Yes. Since $A = A^2 + A^T A = A^2 + A A^T$, it follows that $A$ is normal, hence by the spectral theorem has an orthonormal basis of eigenvectors $v_1, ... v_n$. Moreover, the given condition says precisely that the corresponding eigenvalues $\lambda_i$ satisfy $A v_i + A^T v_i = \lambda v_i + \overline{\lambda} v_i = v_i$, hence all have real part exactly $\frac{1}{2}$. Since $A$ is real, the set of its eigenvalues is closed under complex conjugation, so every eigenvalue $\frac{1}{2} + iy$ is paired with its complex conjugate $\frac{1}{2} - iy$ (and the eigenvalue $\frac{1}{2}$ can occur with any multiplicity). The product of these is positive, so $\det A > 0$.
Here is an alternate argument which does not rely on the spectral theorem.
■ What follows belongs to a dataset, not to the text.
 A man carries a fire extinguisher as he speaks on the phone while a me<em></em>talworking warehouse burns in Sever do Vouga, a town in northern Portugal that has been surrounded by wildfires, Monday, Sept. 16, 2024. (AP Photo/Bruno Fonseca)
The condition gives $\langle v, v \rangle = \langle (A + A^T) v, v \rangle = \langle Av, v \rangle + \langle A^T v, v \rangle = 2 \langle Av, v \rangle$
for $v \in \mathbb{R}^n$. It follows that any such matrix $A$ is invertible, since $Av = 0$ implies $\langle v, v \rangle = 0$. On the other hand, the set of all matrices $A$ satisfying this condition is an affine subspace - in particular, it is path-connected. A path-connected set of invertible matrices must lie in a path component of $\text{GL}_n(\mathbb{R})$, hence the determinant must be the same sign for every element of the set. And $\frac{1}{2} I$ is in this set.
Note that the set of matrices satisfying this condition is precisely a translate of the set of skew-symmetric matrices by $\frac{1}{2} I$.